Interpret: traditionally a neurological test of cerebellar integrity. In SI theory, the ability to dissociate head from UEs has been related to vestib./prop
Antigravity and supine flexion:
structured: assuming flexion pos. on floor
unstructured: holding on / swinging from trapeze or monkey bar
Observe ability to get into position (motor planning), and whether flexion of UEs and LEs occurs at same time.
NOTE: How is the joint contraction? How long can child hold position? Does child use other strategies for maintaining position (i.e. stabilizing with other parts of body)?

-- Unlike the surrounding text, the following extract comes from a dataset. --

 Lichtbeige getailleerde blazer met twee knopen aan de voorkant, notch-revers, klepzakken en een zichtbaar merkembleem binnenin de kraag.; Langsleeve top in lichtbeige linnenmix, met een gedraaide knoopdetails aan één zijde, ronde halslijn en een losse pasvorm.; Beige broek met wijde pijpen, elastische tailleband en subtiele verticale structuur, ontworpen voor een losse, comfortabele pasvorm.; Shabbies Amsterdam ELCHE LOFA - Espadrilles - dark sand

Interpret: Flexor pattern associated with somatosensory (tactile, prop). Link to somatodypraxia. Also related to tactile/prop DISCRIMINATION as well as motor planning. Difficult w neck flexion in supine may be related to postural problem.
Antigravity and prone extension:
Observe: ability to assume position; length of time pos. maintained; ability to hold oneself against resistance; quality of extension in head and shoulder girdle; if/how much upper torso/thighs are off ground
NOTE: Can child sustain extension with entire body? Head, shoulders, upper back, thighs, legs?
Interpret: vestib; also considered in conjunction w vest/prop processing; related to motor planning, too; inability to maintain postural extension against gravity is one indicator of postural-ocular movement disorder
Postural Control:
When moving surface on which child is sitting (i.e. therapy ball), observe postural reactions, compensatory postural adjustments, awareness of body positions.
Interpret: equilibrium reactions contribute to postural control and may occur in response to externally imposed force (reactice) or may occur in response to self-initiated movement. In SI, postural control is related to visual, vestibular and prop. Anticipatory control is dependent on integration of vestibular and prop.
Protective extension:
Move child forward (usually over therapy ball) to floor, and observe: protective reactions of arms in direction of fall. Note speed and effectiveness of child’s ability to bring arms out in protective motion.
Interpret: Protective reactions depend upon vestibular processing. Immature or poor responses may indicate decreased vestibular function.
Weight bearing / proximal joint stability:
During weight-bearing (i.e. in wheelbarrow or over ball), observe: hand adjustment, scapula position (winging?), locked elbows, lordosis or trunk.
Interpret: SI theory says poor proximal joint stability in shoulder girdle/neck is associated with poor vestibular and prop. Poor proximal joint stability in other parts of the body may be associated with decreased muscle tone and inadequate prop. input.